Report for America selects Times Free Press for grant to hire faith, religion reporter

The Chattanooga Times Free Press building on East 11th Street.
The Chattanooga Times Free Press building on East 11th Street.

HOW TO APPLY

Report for America is seeking applications for corps members until Feb 8. The application and information can be found here: https://www.reportforamerica.org/rfa-corps-members/

The Chattanooga Times Free Press was selected to participate in an innovative program that will deploy 50 journalists to local newsrooms across the country to report on under-covered topics and communities.

Report for America, a nonprofit national service program, announced Thursday that the newspaper will receive a grant to host a reporter to cover faith and religion starting in June.

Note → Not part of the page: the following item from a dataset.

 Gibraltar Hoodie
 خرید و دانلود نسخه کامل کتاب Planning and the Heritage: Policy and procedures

News organizations had to demonstrate that there is a civically important gap in coverage and that they have a strong plan to deploy new reporting resources in the public interest.

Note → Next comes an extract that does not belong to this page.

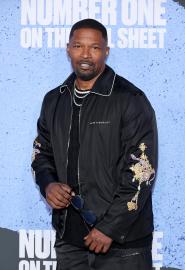 Jamie Foxx’s Daughter 'Made Sure’ He Was ‘Protected' Ahead of Special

Alison Gerber, editor of the Times Free Press, said the newspaper hopes to offer in-depth coverage that will connect and inform the Chattanooga region's growing and diverse faith communities.

"Religion shapes many aspects of our lives - culture, politics, education and philanthropy; it also is at the center of issues that most divide us," Gerber said. "We think this topic deserves more coverage and attention than it currently receives in the Times Free Press. We are delighted to be part of a program that will help us strengthen our local news report."

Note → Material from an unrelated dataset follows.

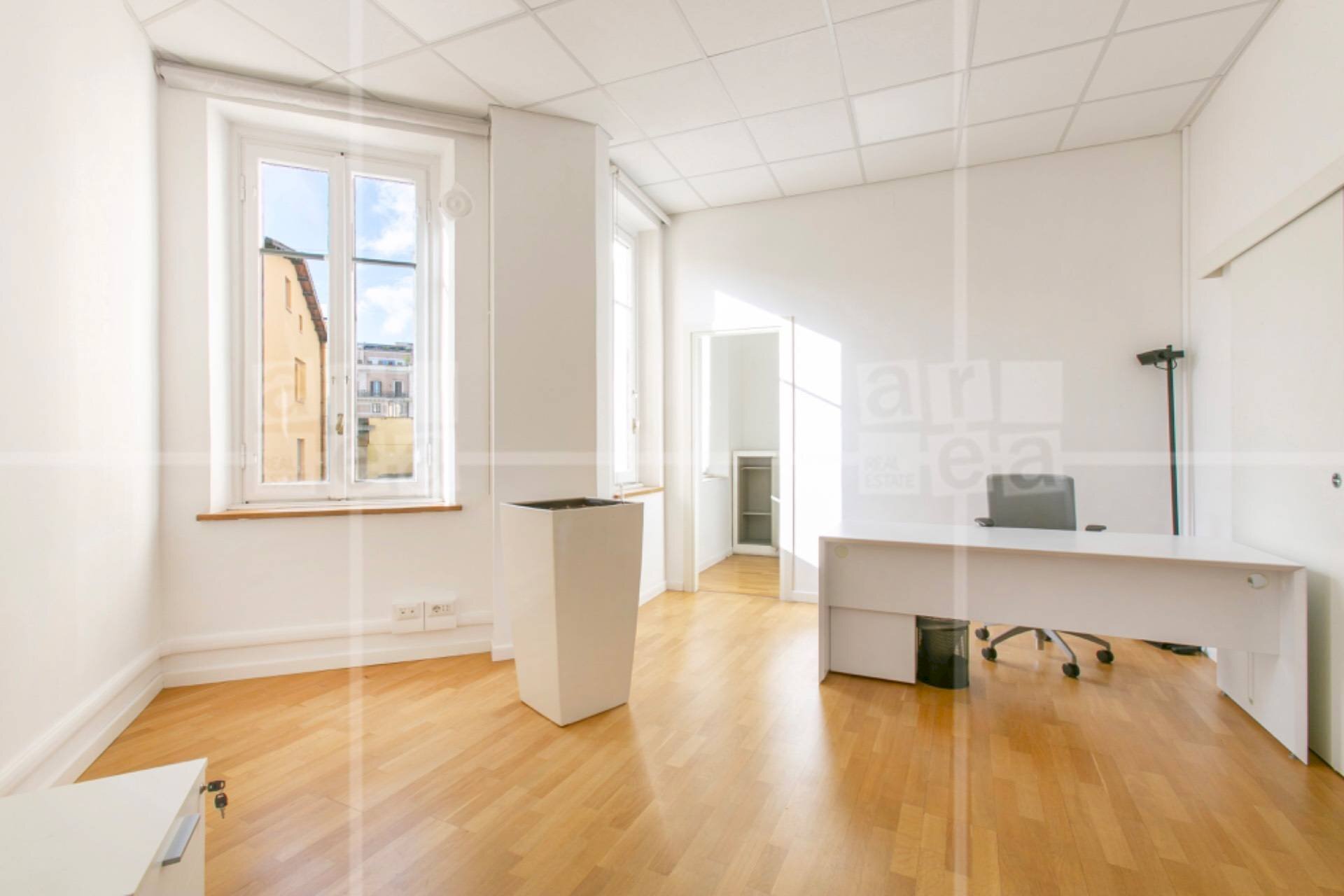 Foto 1 - Ufficio Via Barberini, Roma - foto 1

Report for America was founded amid a changing economic landscape that has forced cuts in many American newsrooms. The program is similar to AmeriCorps and Teach for America, but to produce journalism.

"The crisis in journalism has become a crisis for our democracy," Report for America's website states. " We need a new model - one that calls an emerging generation of journalists to service, reporting in under-covered corners of America."

Under the program, half the reporter's salary is paid by Report for America and half is covered locally, typically funded by philanthropists.

Report for America now has 13 reporters in Georgia, Mississippi, Kentucky, New Mexico, Illinois, Pennsylvania, Texas and West Virginia. In 2019, that number will grow to 60 reporters nationwide with a goal of 1,000 reporters by 2023.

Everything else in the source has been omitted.